Le deuxième impératif, c’est d’apprendre à penser les ruptures. Autant nous savons imaginer la continuité, autant ce type de pensée nous demeure étranger. Il est extraordinaire de constater que jamais crise n’aura été davantage annoncée que l’éclatement de la Yougoslavie. Depuis plus de quinze ans, tous les experts prévoyaient la mort de la Fédération. Certes, ils pensaient plutôt à une explosion au Kosovo qu’à une sécession de la Slovénie ; mais cette erreur est bien mince face à la responsabilité des hommes politiques qui n’ont pas su empêcher l’éclatement du conflit et les effets les plus effroyables de la guerre civile.
Le troisième impératif, c’est d’anticiper. Focalisés sur le pacte de Varsovie, nous n’avons vu arriver ni la révolution iranienne, ni le phénomène du fondamentalisme islamique. Il nous faut par ailleurs apprendre à intégrer la contradiction dans la réflexion stratégique. Les moudjahidines afghans étaient des résistants héroïques contre l’armée rouge ; ils étaient et sont encore des chefs de bande sans respect pour leur propre population, prêts à se livrer une guerre brutale et sans fin. Les guérilleros de l’Unita, en Angola, ceux de la Renamo au Mozambique qui, depuis des années, luttent contre des régimes communistes, se révèlent à la longue bien différents de l’image de purs combattants de la liberté.
Dans un monde redevenu aussi instable qu’incertain, notre première tâche consiste à évaluer les nouveaux risques, à détecter les nouvelles menaces
La criminalisation de certains États du monde, sans aller jusqu’à la forme extrême du narco-État, pose de redoutables défis qui mélangent sécurité intérieure et extérieure. Le financement de certaines guérillas par le trafic de drogue, la reconversion des combattants dans la contrebande sont autant de sources d’instabilité dont nous ne pouvons encore évaluer la puissance.
Que dire, a fortiori, de la prolifération des armes de destruction massive et des savoir-faire en la matière ? Les attentats terroristes de la secte Aoum au Japon sont d’autant plus inquiétants qu’ils établissent une jonction entre la menace du fanatisme religieux et celle de la prolifération chimique.
Quelles seront donc les grandes caractéristiques de la guerre et de la paix au XXIe siècle ? Je ne lis pas dans le marc de café.
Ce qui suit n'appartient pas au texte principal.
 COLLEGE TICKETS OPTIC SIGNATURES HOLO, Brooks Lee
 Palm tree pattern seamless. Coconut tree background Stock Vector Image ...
Je me limiterai à quelques éléments de réflexion personnelle.
Si la guerre n’a jamais semblé aussi illégitime, certains pensent qu’elle n’a jamais eu un aussi « bel avenir ». Jamais dans l’opinion publique internationale l’illégitimité de la guerre n’a paru, psychologiquement et politiquement, aussi flagrante. Condamnée par la communauté des nations dans l’enceinte onusienne, exclue par les anciens ennemis qu’étaient Washington et Moscou, interdite par la puissance de feu nucléaire, la guerre devrait disparaître de la panoplie des relations internationales.
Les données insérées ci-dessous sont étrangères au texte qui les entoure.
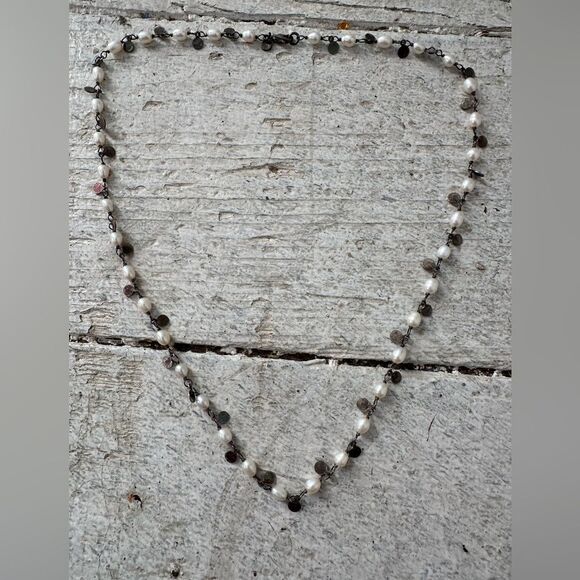 Vintage Sterling And Pearl Silpeda Necklace - Picture 7 of 7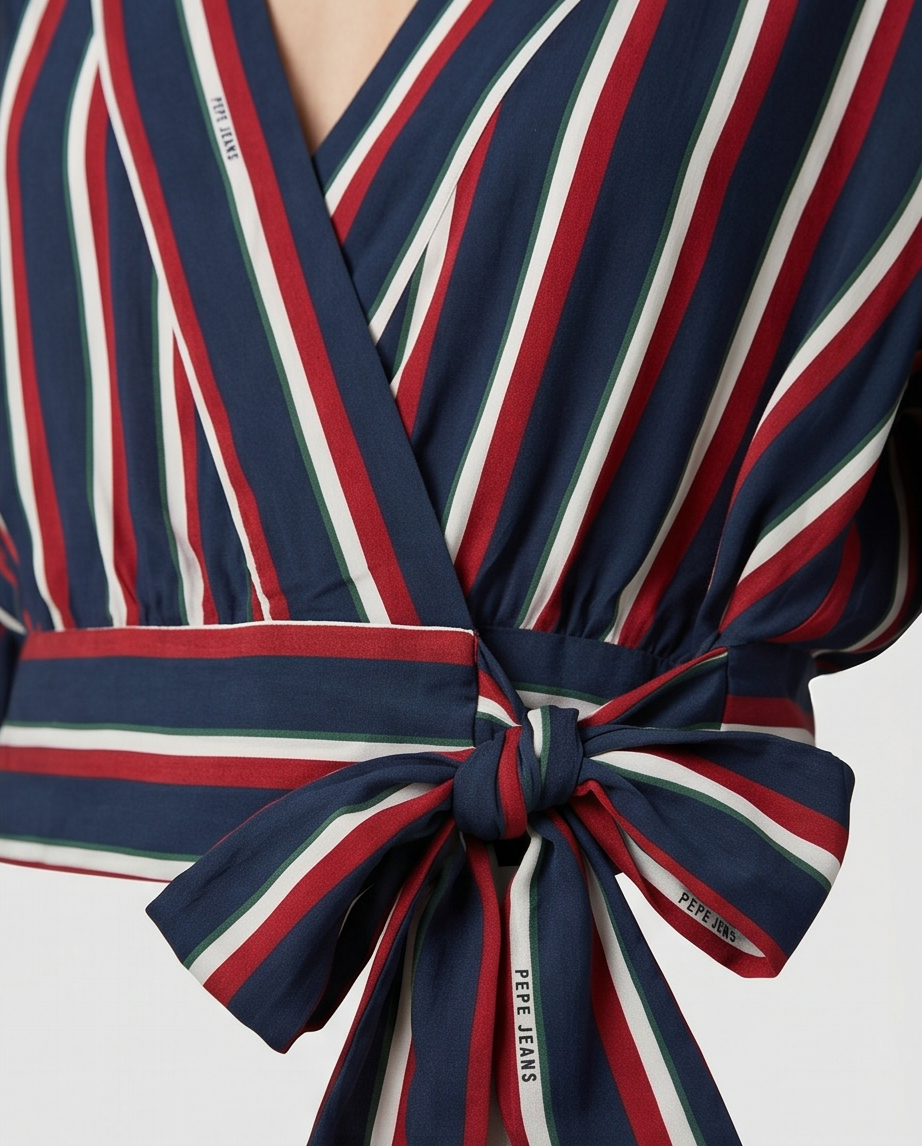Pepe Jeans blouse rayures - neuve - XL & M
Notre siècle a déployé des efforts considérables pour canaliser la guerre, faute de la rendre impossible. Avec les Conventions de Genève sur le droit de la guerre, avec les différents traités interdisant certaines catégories d’armes non classiques (chimique ou nucléaire), et même avec le jugement des criminels de guerre (à Nuremberg hier, en ex-Yougoslavie ou au Rwanda aujourd’hui), les progrès sont réels mais demeurent insuffisants.
Force est de constater que des guerres couvrent la surface de la planète : civiles avec épuration ethnique comme hier encore en ex-Yougoslavie, dégradées en guérillas politiques qui ne veulent pas renoncer à la violence comme au Cambodge, en Sierra Leone ou au Liberia, claniques comme celles qui s’éternisent en Afghanistan, ou en Somalie… La liste est dramatiquement longue.
Il devient, malgré tout, de plus en plus difficile de distinguer nettement la frontière qui sépare dorénavant la guerre de la paix. En effet, certaines régions du monde, quasi privées d’État et livrées à leur dynamique propre, vivent dans un état hybride qui n’est ni tout à fait la guerre, ni tout à fait la paix. Peut-être faudra-t-il donc s’habituer à retrouver la guerre comme une modalité « banale » de la vie internationale.
Quels moyens avons-nous, face à ce désordre, pour renforcer la paix ?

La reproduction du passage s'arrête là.